Song
- Released: 1952
- Genre: Jazz
- Composer(s): Wardell Gray
- Lyricist(s): Annie Ross

= Twisted (Annie Ross song) =

"Twisted" is a 1952 vocalese song with lyrics by Annie Ross, set to a tenor saxophone solo of the same title by Wardell Gray that was recorded in 1949. It has been covered by Bette Midler, Joni Mitchell, and many others.

==Background==
"Twisted" is a whimsical account of the protagonist's insanity that satirises psychoanalysis. In 1952, Ross met Prestige Records owner Bob Weinstock, who asked her to write lyrics to a jazz solo, in a similar way to King Pleasure, a practice that would later be known as vocalese. The next day, she presented him with "Twisted", a treatment of saxophonist Wardell Gray's 1949 composition of that name, a classic example of the genre. She later said of the inspiration for the song:

The title was infinite possibilities. You could marry anything to it and it was the name signified, "Twisted." And it just occurred to me that it would be good as a kind of song about an analyst.

The song, first released in 1952 and later collected on the album King Pleasure Sings/Annie Ross Sings, was an underground hit, and resulted in her winning DownBeats New Star award.
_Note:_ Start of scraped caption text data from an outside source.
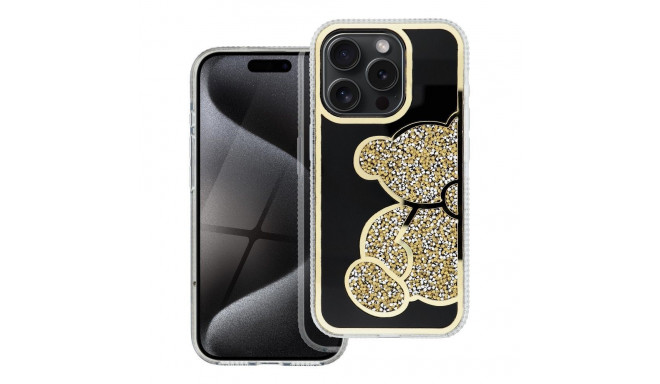 Case for iPhone 16 PRO MAX Teddy Bear gold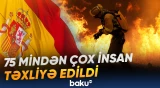 İspaniyada meşə yanğınları həyatı iflic edib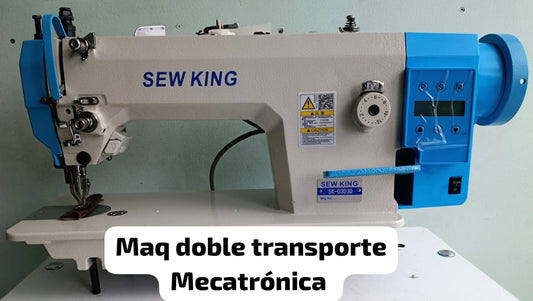 Plana Doble Transporte Mecatronica Sewking SK 0303 D Maquina De Coser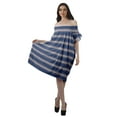 thumbnail image 2 of Moomaya Poly Crepe Casual Dress Printed Womens Cocktail Dresses Knee Long Tunic, 2 of 6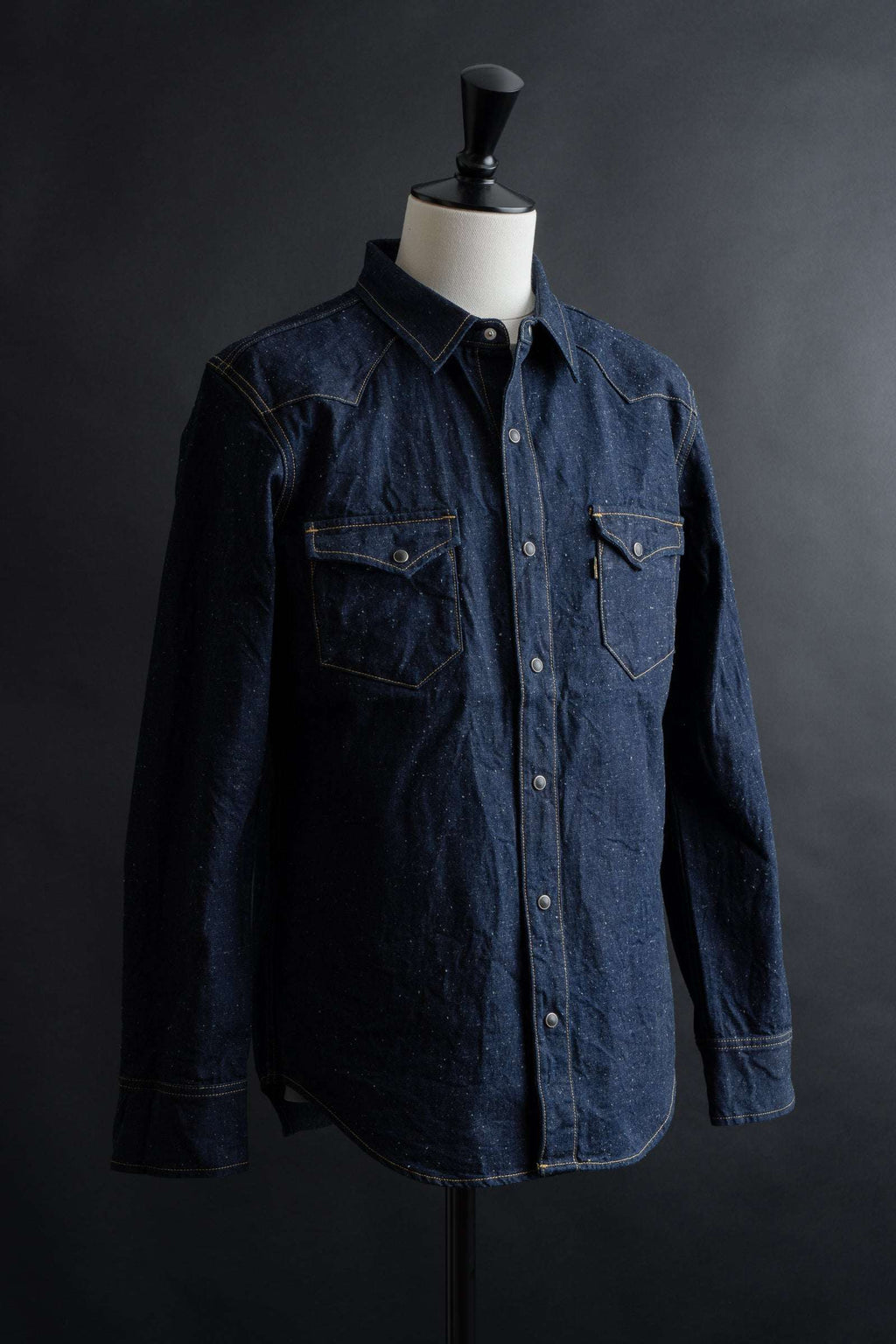 MS004E 10oz SELVEDGE WESTERN SHIRT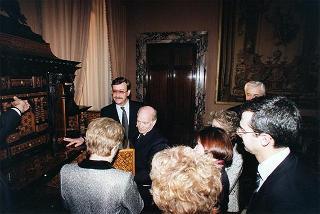 Incontro con il Presidente della Federazione Russa Boris Eltsin e signora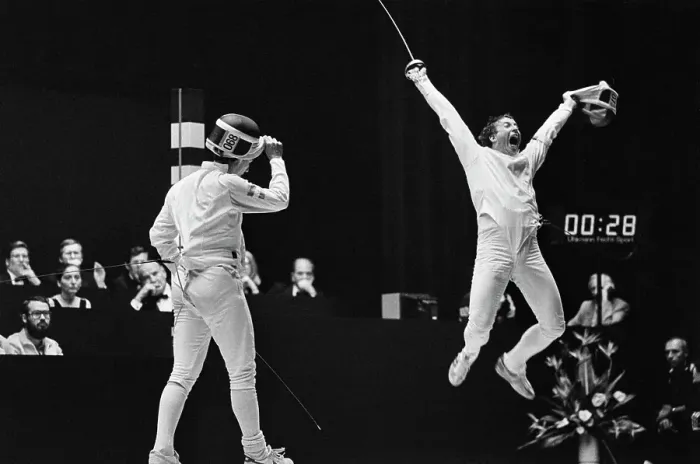 Framed Print : 1984 Summer Olympics - Fencing - Team Épée Framed Print : 1984 Summer Olympics - Fencing - Team Épée
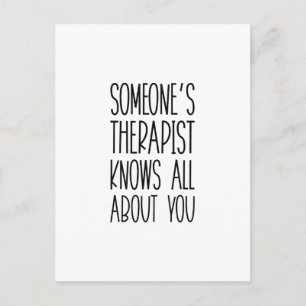 Someone's Therapist Postcard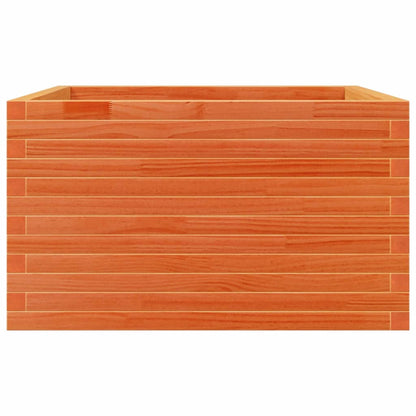 Fioriera Giardino Marrone Cera 80x80x45,5cm Legno Massello Pino | homemem39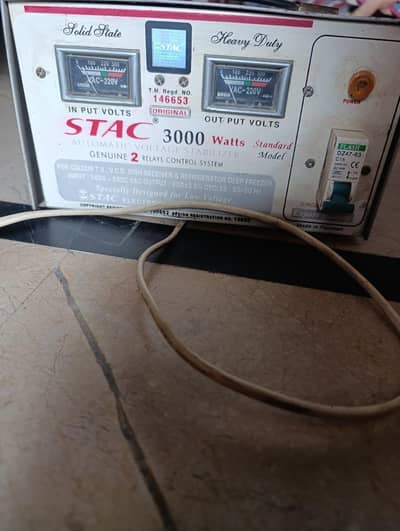 STAC stabelizer for sale 3000 watts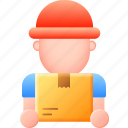 delivery, service, courier, business, and, finance, professions, jobs, man, package, user, box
Writing for the magazine in a column devoted to analysing the song, Leonard Feather wrote: "To perform it, you need more qualifications than most singers today possess: a range as broad as that of the tenor sax itself, a natural feeling for chord changes, surety of pitch, and a beat. Annie Ross has 'em all." Ross released a second version with the vocalese trio Lambert, Hendricks & Ross on their 1960 album The Hottest New Group in Jazz. Gramophone described that recording as "more lighthearted, perhaps a little more individual" than Ross' first release of the song.

==Covers==

===Joni Mitchell===
Joni Mitchell recorded the song on her 1974 album Court and Spark, featuring Cheech & Chong. In a 1974 interview, when asked why she covered the song, she said: "Because I love that song, I always have loved it. I went through analysis for a while this year and the song is about analysis. I figured that I earned the right to sing it. I tried to put it on the last record [For the Roses] but it was totally inappropriate. It had nothing to do with that time period and some of my friends feel it has nothing to do with this album either. It's added like an encore."

===Others===
Other covers include:
- Mark Murphy on his 1961 album Rah!
- Bette Midler on her 1973 self-titled album
- Marlena Shaw on her 1973 album Marlena Shaw Live at Montreux
- Crystal Waters on her 1991 album Surprise
- Jane Monheit on her 2000 album Never Never Land
- Emilie-Claire Barlow on her 2001 album Tribute

The song was part of the live repertoire of the New Journeymen, before they evolved into the Mamas & the Papas.

==In popular culture==
- The original recording of the song was used in the introduction to the 1997 Woody Allen film Deconstructing Harry.